Are you saying that YouTube just alters your preferences?

Constantly. They also keep resetting the settings to not show shorts or video games in the feed.

I suspect that the managers in charge of some of these features are lobbying for it as a way to artificially increase the engagement stats for their features, but spinning it as actually being good UX instead of a user-hostile move because it's important for "discoverability" or something like that.

  • First it was "hide shorts".

    Then it was "hide shorts for X days" (I think 30?).

    Now it is "show fewer shorts".

    • Those who disable watch history probably know this, but others probably don't -- when you disable watch history your "subscriptions" page effectively becomes your home page. And on your subscriptions page, shorts cannot be removed like on the actual home page. So if you disable watch history, you implicitly must enable shorts.

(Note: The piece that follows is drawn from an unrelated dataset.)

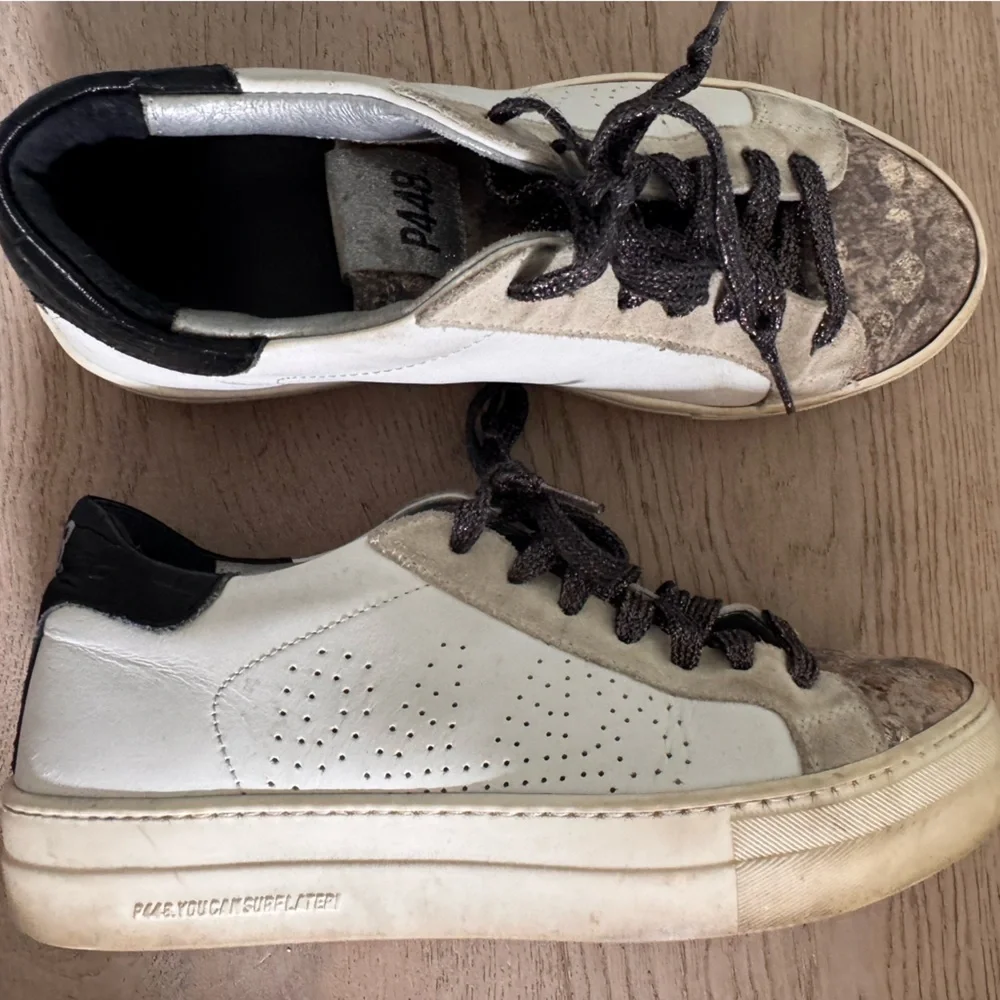 P448 X You Can Surf Later Low Top Sneakers Women's Size 38 (US 7.5)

      Like a relative commentor said -- a product manager on the "Shorts" team is doing a helluva job boosting their team's stats.

It seems to do that all the time. Try hiding YouTube shorts and they just come back.

  • If you turn off watch history it completely disables shorts as a whole (with no recommendations on the homepage as a side effect, but one I'm willing to live with). https://news.ycombinator.com/item?id=42795204

    • The no recommendations at all sure feels like malicious compliance with California privacy law.

      Even while pretending they've not recorded your viewing history they could still make recommendations from your subscriptions or give you the same glurg that they give viewers they know nothing about... but instead they break the site.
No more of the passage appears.